The mild noise of a cafe allows for disfluency in cognition, which sounds like a bad thing, but really isn’t in creative thinking. Disfluency is an interruption essentially, and a certain level of disfluency in cognition allows for greater levels of abstract thinking which leads to creativity. It’s kind of like when you get that great idea when you are in the midst of washing dishes or performing a similar chore that is more habitual than thought intensive. In sum, it is a touch of distraction that allows creativity to flourish.

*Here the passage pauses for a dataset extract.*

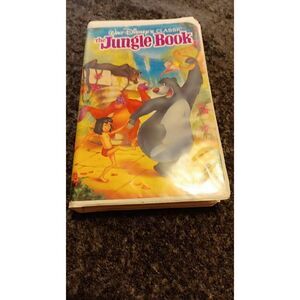 Disney's vintage black diamond jungle book and Aladdin on VHS. Good working cond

Though one important thing the study notes is that moderate ambient noise also impacts the types of products we buy, particularly ones that support our creative endeavors, so try to avoid Amazon or a craft store while you listen to Coffitivity.

Ginnis Tonik

Ginnis Tonik

Smashing the patriarchy with glitter, pink lipstick, and cowboy boots. You can follow her on Instagram @ginnistonik

4 thoughts on “App Review: Promoting Productivity with Coffitivity

  1. I have an odd, personal question — obviously, if it’s too personal, please don’t answer! 🙂 I have a hard time working if it’s not fairly quiet. If there’s music on, I get distracted by lyrics; television, by what’s happening on-screen. On the other hand, when it’s quiet and I’m doing something relatively mindless (like handsewing beads), I have significant negative, intrusive thoughts that can spiral into very dark places. My question for you, if you choose to answer it, has that ever been a problem for you, and does ambient noise help you? (Thanks!)

    1. Hi Wendy, it’s been awhile since I have experienced that, but I do find more mindless tasks, depending on the task, call for different noise backgrounds. For a lot of mindless tasks, I usually can listen to music with lyrics. If lyrics are still too distracting, a good middle ground might be something along the lines of the Spotify Deep Focus playlist that I linked to in the article. Spotify has a lot of playlists in a similar vein, ones for meditation, different moods, etc. that might be worth looking into and experimenting.

      It seems like it might be a matter of how much cognitive energy does this task require vs. how much noise you can handle before sneaky hate spirals start?